Want to find out exactly what $165,000 in music consulting gets you?
Huntsville officials will present recommendations from London firm Sound Diplomacy’s 14-month music audit of the city, to Huntsville City Council during council’s regularly scheduled 6 p.m. Aug. 22 meeting, at 308 Fountain Circle.
A public presentation and Q&A session will be held the next day, 12 – 1 p.m. Aug. 23 at the Von Braun Center Concert Hall, address 700 Monroe St. Free parking is available for the music audit public presentation at Garage M, directly across Monroe Street from the concert hall.
Speakers at the public presentation will include Huntsville Mayor Tommy Battle, director of urban and economic development Shane Davis, manager of urban and long -range planning Dennis Madsen and Sound Diplomacy founder/president Shain Shapiro.
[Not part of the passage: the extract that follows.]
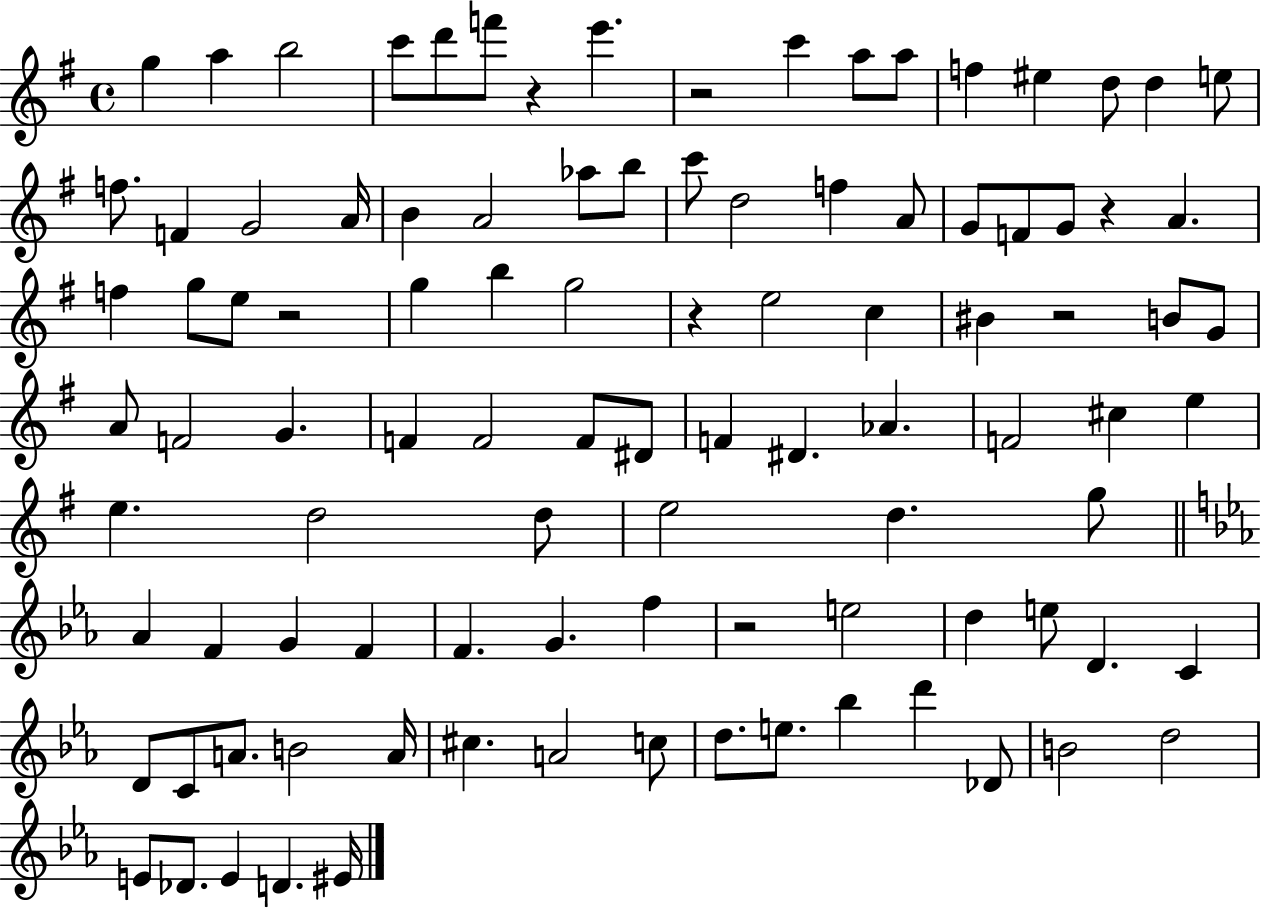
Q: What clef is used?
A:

“To attract and retain the best and brightest workforce, Huntsville needs a dynamic music and cultural scene,” Davis said in a release. “This is more than an amenity – it’s part of our big picture planning, economic and workforce development.”
Following the public presentation, Sound Diplomacy will host a “music strategy launch celebration” 2 – 6 p.m. at outdoor mini-venue The Camp, address 5909 University Drive.
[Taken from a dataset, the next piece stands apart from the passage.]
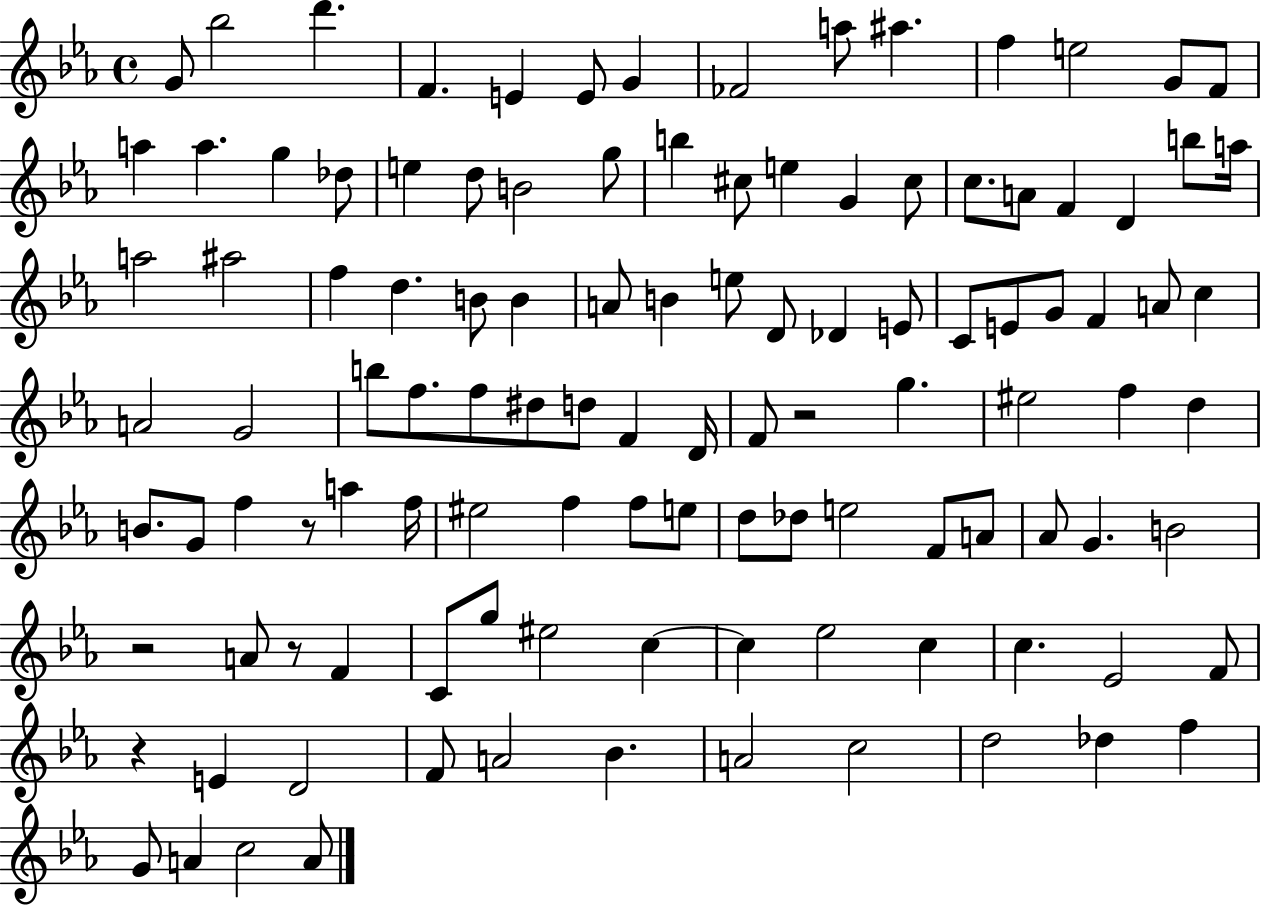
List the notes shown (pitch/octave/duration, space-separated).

G4/e Bb5/h D6/q. F4/q. E4/q E4/e G4/q FES4/h A5/e A#5/q. F5/q E5/h G4/e F4/e A5/q A5/q. G5/q Db5/e E5/q D5/e B4/h G5/e B5/q C#5/e E5/q G4/q C#5/e C5/e. A4/e F4/q D4/q B5/e A5/s A5/h A#5/h F5/q D5/q. B4/e B4/q A4/e B4/q E5/e D4/e Db4/q E4/e C4/e E4/e G4/e F4/q A4/e C5/q A4/h G4/h B5/e F5/e. F5/e D#5/e D5/e F4/q D4/s F4/e R/h G5/q. EIS5/h F5/q D5/q B4/e. G4/e F5/q R/e A5/q F5/s EIS5/h F5/q F5/e E5/e D5/e Db5/e E5/h F4/e A4/e Ab4/e G4/q. B4/h R/h A4/e R/e F4/q C4/e G5/e EIS5/h C5/q C5/q Eb5/h C5/q C5/q. Eb4/h F4/e R/q E4/q D4/h F4/e A4/h Bb4/q. A4/h C5/h D5/h Db5/q F5/q G4/e A4/q C5/h A4/e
The City of Huntsville commissioned the music audit in April 2018, contracting Sound Diplomacy for $165,000. For a little context, Huntsville corridor studies have cost between $75,000 to $150,000, according to city officials. The Western Growth Plan, involving Polaris, Toyota/Mazda and GE Aviation development projects, cost $650,000.
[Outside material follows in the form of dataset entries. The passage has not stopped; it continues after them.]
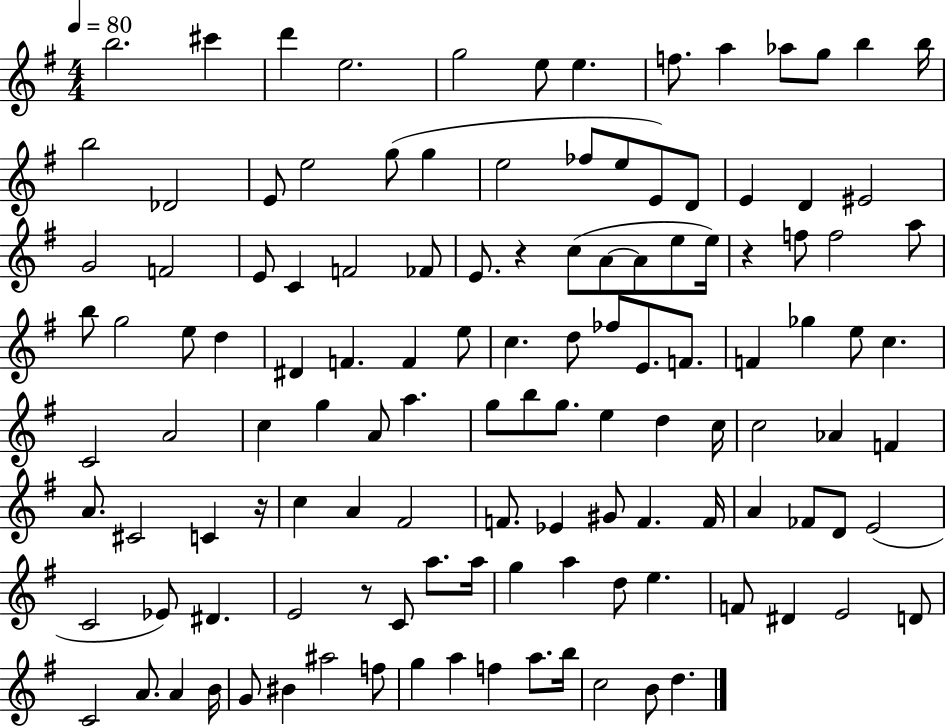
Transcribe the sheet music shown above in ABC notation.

X:1
T:Untitled
M:4/4
L:1/4
K:G
b2 ^c' d' e2 g2 e/2 e f/2 a _a/2 g/2 b b/4 b2 _D2 E/2 e2 g/2 g e2 _f/2 e/2 E/2 D/2 E D ^E2 G2 F2 E/2 C F2 _F/2 E/2 z c/2 A/2 A/2 e/2 e/4 z f/2 f2 a/2 b/2 g2 e/2 d ^D F F e/2 c d/2 _f/2 E/2 F/2 F _g e/2 c C2 A2 c g A/2 a g/2 b/2 g/2 e d c/4 c2 _A F A/2 ^C2 C z/4 c A ^F2 F/2 _E ^G/2 F F/4 A _F/2 D/2 E2 C2 _E/2 ^D E2 z/2 C/2 a/2 a/4 g a d/2 e F/2 ^D E2 D/2 C2 A/2 A B/4 G/2 ^B ^a2 f/2 g a f a/2 b/4 c2 B/2 d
In addition to data on existing musical resources – talent, venues, industry support infrastructure, etc. – the final report is expected to provide a plan for maximizing existing resources and building up different musical genres as well addressing music-friendly municipal codes, ordinances and zoning and potential for regional music collaborations.
Last summer, Sound Diplomacy reps held an initial public forum, which drew a passionate crowd of 150 or more. Eleven invitation-based round-table discussions held around that time sought further input, from individuals representing local music education, music industry, venues, production and promotion, media and artists. Around 110 or so participated in these round-table discussions.
An online survey City of Huntsville and Sound Diplomacy conducted through Sept. 10 received more than 1,000 responses according to a city press release. Subjects addressed in the survey included: local talent quality; audience diversity; venue variety; Huntsville’s reputation as a music city; how often fans attend live music events here and how much money those fans spend on live music.
Some initial survey findings were revealed in October. At that time, Shapiro indicated he saw opportunities to develop music technology in Huntsville, a city that prides itself in innovation. At that same October forum, Shapiro promised the final Huntsville music-audit findings would be delivered by the end of February.
The audit’s taken place amid a flurry of music related developments in Huntsville. City council has approved funding for plans for an amphitheater at the University Drive development MidCity. The Von Braun Center’s building a new 1,200-capacity venue, aimed at booking rising acts. A new, large-club sized venue called The Mercantile had been set to up this summer the former Crossroads Music Hall/U.G. White retailer space downtown on Clinton Avenue, however that project has been delayed, possibly permanently.
Huntsville is home to plenty of musical talent, enjoyable live venues and clubs and behind-the-scenes industry successes. But the city has never really produced an undeniably famous band, venue or recording studio.
Sound Diplomacy’s other current clients include, according to the firm’s website, Berlin, London, Vancouver and San Francisco. The firm has also been working with music-legacy-rich Muscle Shoals of late.